1911年10月10日晚,驻守武汉的新军工程第八营的革命党人熊秉坤打响了武汉首义第一枪,1起义军在两天内迅速掌控了武汉三镇,成立了湖北军政府,推举黎元洪为都督,随后在两个月的时间里,湖南、广东、云南等十五个省宣布脱离清政府独立。
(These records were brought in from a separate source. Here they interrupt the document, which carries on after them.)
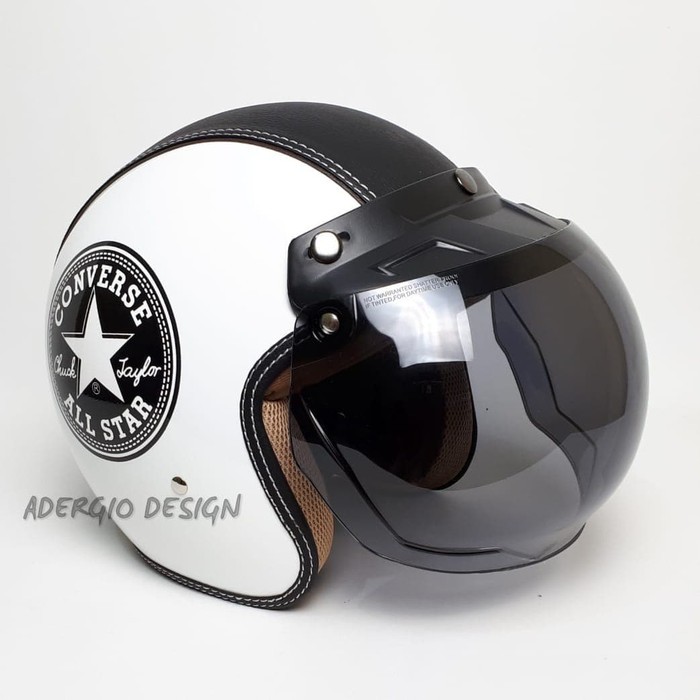 SALE Helm Bogo Motif Converse Putih Glossy Semi Kulit Retro Klasik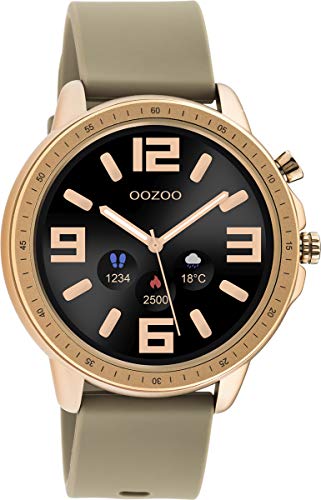Oozoo Unisex Smartwatch mit Silikonband Rosegoldfarben/Taupe 45 MM Q00302
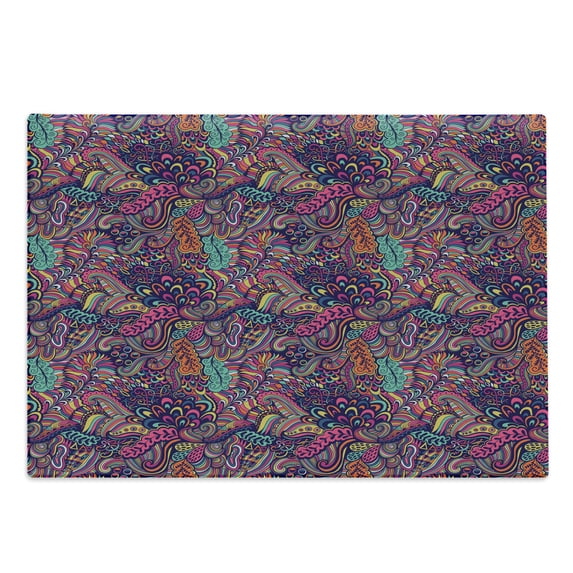 Psychedelic Cutting Board, Exotic Composition in Lively Colors Swirling Leaves and Petals Funky Seaweed, Decorative Tempered Glass Cutting and Serving Board, Large Size, Multicolor, by Ambesonne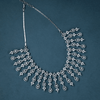 CZ White Rhodium Heavy Necklace Set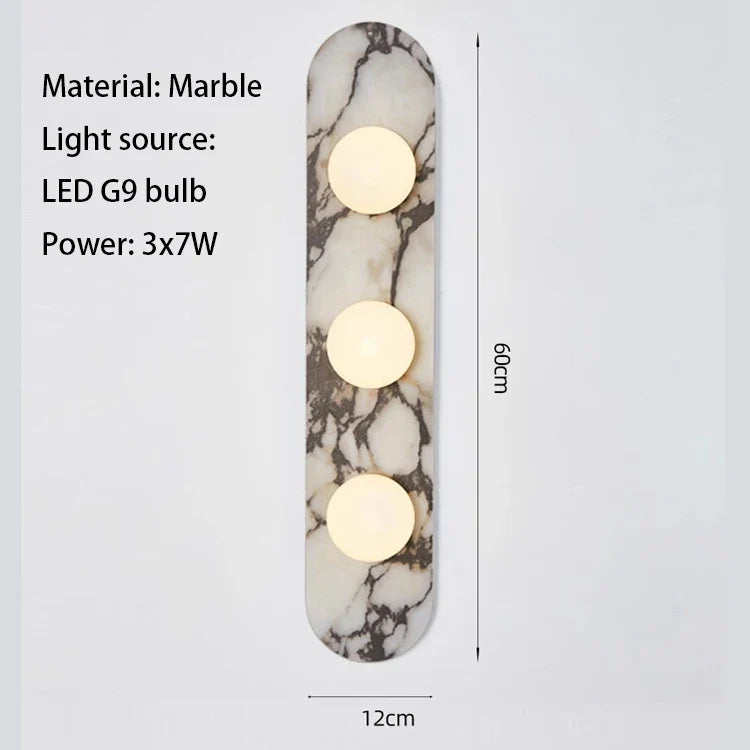 Luara - LED-Wandleuchte aus Naturmarmor mit 2-3 Kugelköpfen
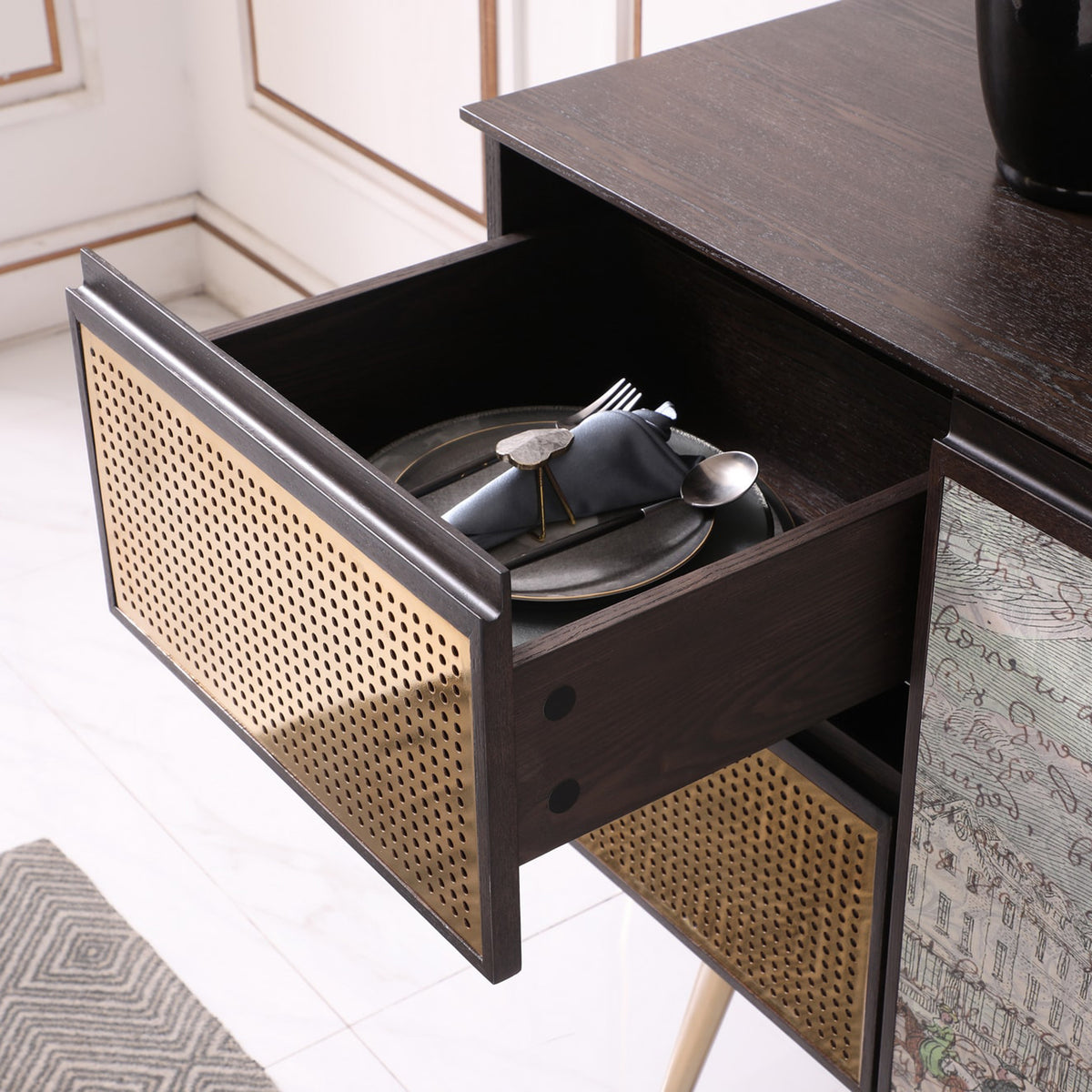 Phelan - Modern Smoked Ash & Brass Buffet by VIG Furniture - View 17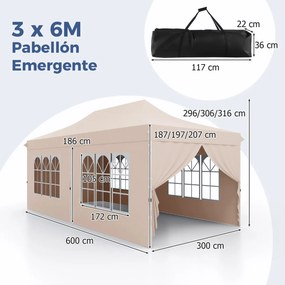Tenda jardim, festas, eventos de 600 x 300 cm com 6 paredes laterais removíveis, com 6 pesos com bolsa de transporte Bege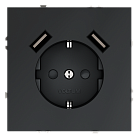 Розетка встраиваемая с заземлением и защитными шторками + usb 16А VOLTUMVLS040407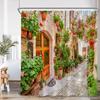 Green Vines Brick Wall Shower Curtain Pink Flowers European Garden Arch Door Bathroom Decorations Vintage Bath Curtain with Hook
1912年2月12日,清帝发布退位诏书,中国两千年的帝制时代宣告终结,共和时代来临。费正清认为:“1911年的革命标志着在这个世界上具有最悠久政治史的国度中一场迟到的中央权力的危机开始了。”2当然,这是事后总结,辛亥革命作为王朝危机的产物同时又是作为危机的解决,在中国古老的土地上建立了亚洲第一个共和国,这无疑为20世纪初期的世界带来了一抹新的曙光。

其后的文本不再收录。